*** Block opens ***
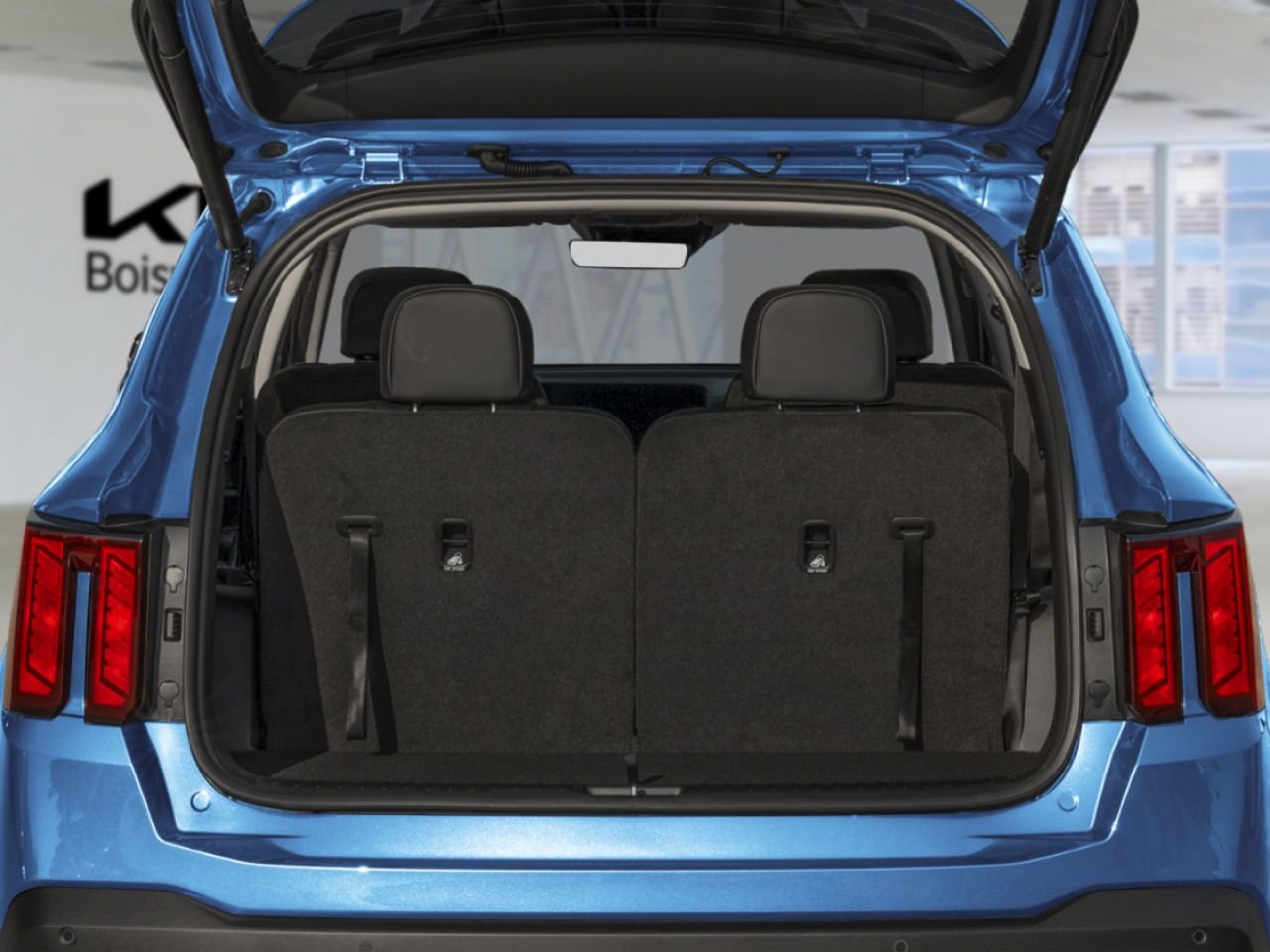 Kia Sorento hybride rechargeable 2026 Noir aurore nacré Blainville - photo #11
*** Block closes ***
*** Block opens ***
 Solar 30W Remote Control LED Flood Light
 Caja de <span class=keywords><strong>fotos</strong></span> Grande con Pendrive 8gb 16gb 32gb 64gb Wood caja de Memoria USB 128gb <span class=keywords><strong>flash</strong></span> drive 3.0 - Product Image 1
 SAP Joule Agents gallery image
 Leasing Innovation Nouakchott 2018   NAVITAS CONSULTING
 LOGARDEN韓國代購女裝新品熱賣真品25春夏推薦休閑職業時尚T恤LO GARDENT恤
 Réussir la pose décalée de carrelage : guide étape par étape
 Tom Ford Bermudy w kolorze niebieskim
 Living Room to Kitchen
*** Block closes ***
# WHAT THE TASK REQUIRES
When you reach the line in the material above that holds "LOGARDEN韓國代購女裝", begin reproducing lines exactly, and stop after the line that holds "Living Room to Kitchen".

# RESULT OF THE EXERCISE
 LOGARDEN韓國代購女裝新品熱賣真品25春夏推薦休閑職業時尚T恤LO GARDENT恤
 Réussir la pose décalée de carrelage : guide étape par étape
 Tom Ford Bermudy w kolorze niebieskim
 Living Room to Kitchen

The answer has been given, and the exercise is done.